Since moving down to the Cote d’Azur and opening our satellite office, one of our favorite pastimes has been discovering the numerous perched villages in the arriere pays (or back country of Provence).

Near Nice and Cannes: 

Tourrettes sur Loup
 is a beautiful medieval village perched on a narrow spur of land extending from very rocky hills, with the gorge of a small stream deep below one high wall of buildings. Tourrettes was a fortified village, and the arched passages remain through the wall of houses in three places into the center of the “vieux village”.

Saint Paul de Vence is very popular and can be a bit touristy in the high-season.  This hilltop village has many art galleries, boutiques sporting olive oil, liquors and herbs from the region and several art museums.  Russian painter Marc Chagall is buried in the cemetary and the Fondation Maeght sports one of the best modern art collections in France.  The Colombe d’Or – at the entrance to the walled village, is renowned for it Michelin-star rated food.
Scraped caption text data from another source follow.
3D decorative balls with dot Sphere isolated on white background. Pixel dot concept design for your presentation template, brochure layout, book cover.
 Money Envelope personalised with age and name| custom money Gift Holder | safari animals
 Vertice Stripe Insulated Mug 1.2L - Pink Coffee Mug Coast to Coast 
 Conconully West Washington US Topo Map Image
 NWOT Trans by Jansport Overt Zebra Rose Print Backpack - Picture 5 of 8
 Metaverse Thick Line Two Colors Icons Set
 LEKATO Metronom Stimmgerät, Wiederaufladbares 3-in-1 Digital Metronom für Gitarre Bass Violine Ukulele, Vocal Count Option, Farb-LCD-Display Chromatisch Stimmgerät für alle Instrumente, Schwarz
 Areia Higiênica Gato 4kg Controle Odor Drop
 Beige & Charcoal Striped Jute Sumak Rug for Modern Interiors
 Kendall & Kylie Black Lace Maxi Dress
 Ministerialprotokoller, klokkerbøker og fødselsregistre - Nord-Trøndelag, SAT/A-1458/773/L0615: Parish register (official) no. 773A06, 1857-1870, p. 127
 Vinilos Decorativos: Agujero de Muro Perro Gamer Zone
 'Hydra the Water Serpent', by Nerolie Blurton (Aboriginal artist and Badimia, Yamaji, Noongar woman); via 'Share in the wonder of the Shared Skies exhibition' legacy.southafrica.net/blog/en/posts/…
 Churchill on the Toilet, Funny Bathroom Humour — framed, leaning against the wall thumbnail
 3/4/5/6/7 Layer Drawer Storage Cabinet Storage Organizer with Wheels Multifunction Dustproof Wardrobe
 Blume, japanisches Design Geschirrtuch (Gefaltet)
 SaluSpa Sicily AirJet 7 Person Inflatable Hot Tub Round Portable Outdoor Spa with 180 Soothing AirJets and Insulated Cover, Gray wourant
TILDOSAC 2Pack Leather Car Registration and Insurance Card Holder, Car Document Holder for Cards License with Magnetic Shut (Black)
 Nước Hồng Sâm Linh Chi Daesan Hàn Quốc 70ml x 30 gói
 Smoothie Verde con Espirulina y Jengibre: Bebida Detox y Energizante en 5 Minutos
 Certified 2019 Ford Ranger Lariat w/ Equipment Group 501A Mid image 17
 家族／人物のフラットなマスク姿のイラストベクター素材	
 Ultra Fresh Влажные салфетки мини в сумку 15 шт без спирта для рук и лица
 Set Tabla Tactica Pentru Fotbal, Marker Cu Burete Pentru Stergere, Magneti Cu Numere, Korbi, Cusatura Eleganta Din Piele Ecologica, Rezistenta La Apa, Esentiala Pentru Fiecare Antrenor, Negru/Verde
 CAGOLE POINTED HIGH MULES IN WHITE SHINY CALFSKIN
Coursegoules is perched higher up – above Vence.  Far more isolated and not so touristy, its winding medieval and narrow streets, step-streets, vaulted passages, and old houses with ancient doorways are well worth discovering. Sites include the 13th-century village church, Sainte-Marie-Madeleine, and the classical Chapelle des Penitents Blancs with a very lovely and unique 19th-century campanile. 

Vestiges of an old highway from the Roman era are still walkable.

Bézaudun-les-Alpes, just down the road, is a tightly-grouped Medieval village sitting on a ridge with fabulous views of the Southern Alps.  The village houses are all built from local stone: calcaire, tuf and marne, and many of them date back several centuries. Some buildings are colored in the soft Provençal pastels, but most are faded and the village nearly blends in to the rocky hills. The remains of the Bézaudun chateau sits at the top of the village. The original tower dates from the 12th and 13th centuries and vestiges of the medieval wall are still visible.

Closer to Avignon and Aix-en-Provence:

Gordes is classified as one of the most beautiful villages in France. Perched on the southern edge of the high Plateau de Vaucluse.  The stone buildings built in tight against the base of the cliffs and those perched on the rocks above, including the 12th-century castle, are made of an beige stone that glows orange in the morning sun. The view from the village is a southern panorama out across fields and forests and small perched villages to the Montagne du Luberon.